**TASK ITEM**
Beginning at the line that contains "VALERA Swiss Next", reproduce the entries below exactly, ending with the line that contains "LAFC Home Soccer Jersey 2022". Omit each picture.

━━━ STORED DATA ━━━

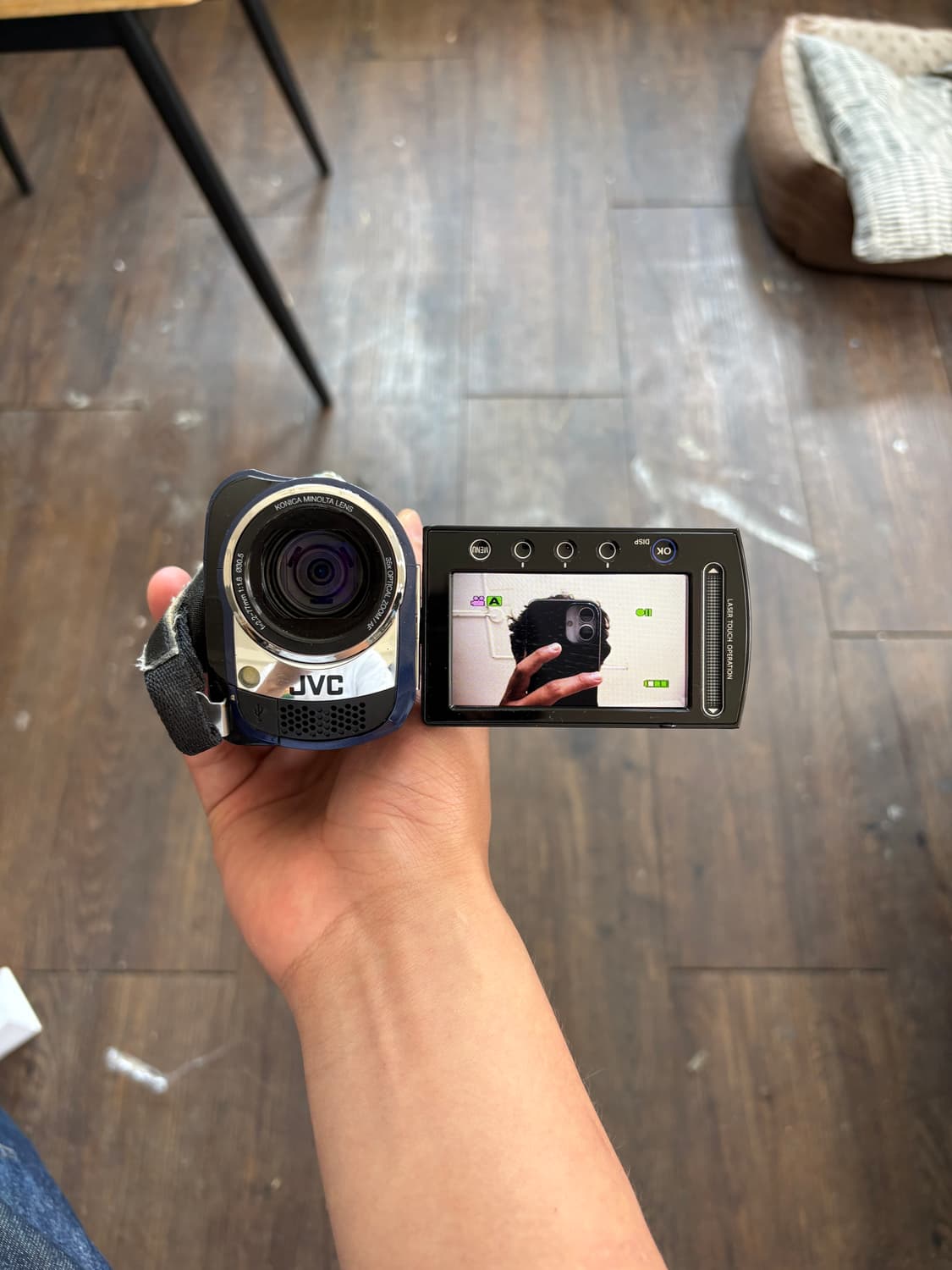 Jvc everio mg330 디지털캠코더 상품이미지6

━━━
━━━ STORED DATA ━━━

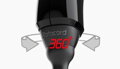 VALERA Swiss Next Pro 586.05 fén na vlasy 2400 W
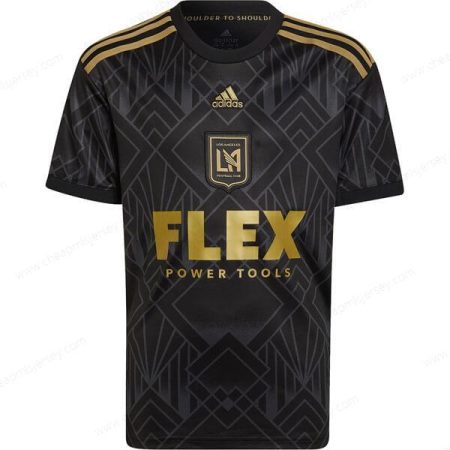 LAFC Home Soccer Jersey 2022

━━━
━━━ STORED DATA ━━━

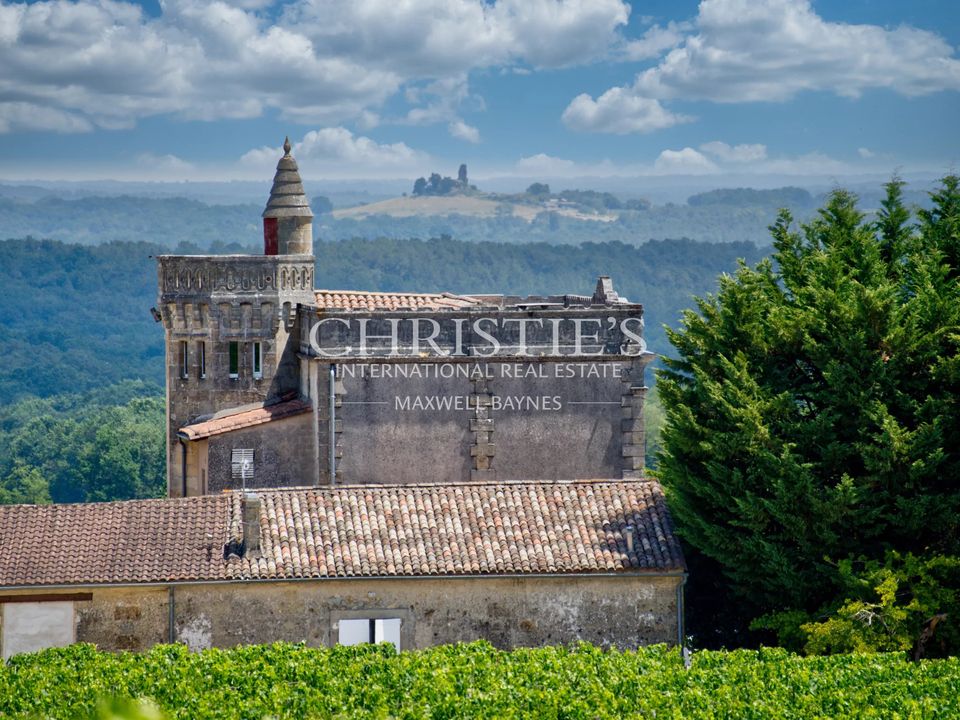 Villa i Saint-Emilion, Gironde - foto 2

━━━

**FINAL ANSWER**
 VALERA Swiss Next Pro 586.05 fén na vlasy 2400 W
 LAFC Home Soccer Jersey 2022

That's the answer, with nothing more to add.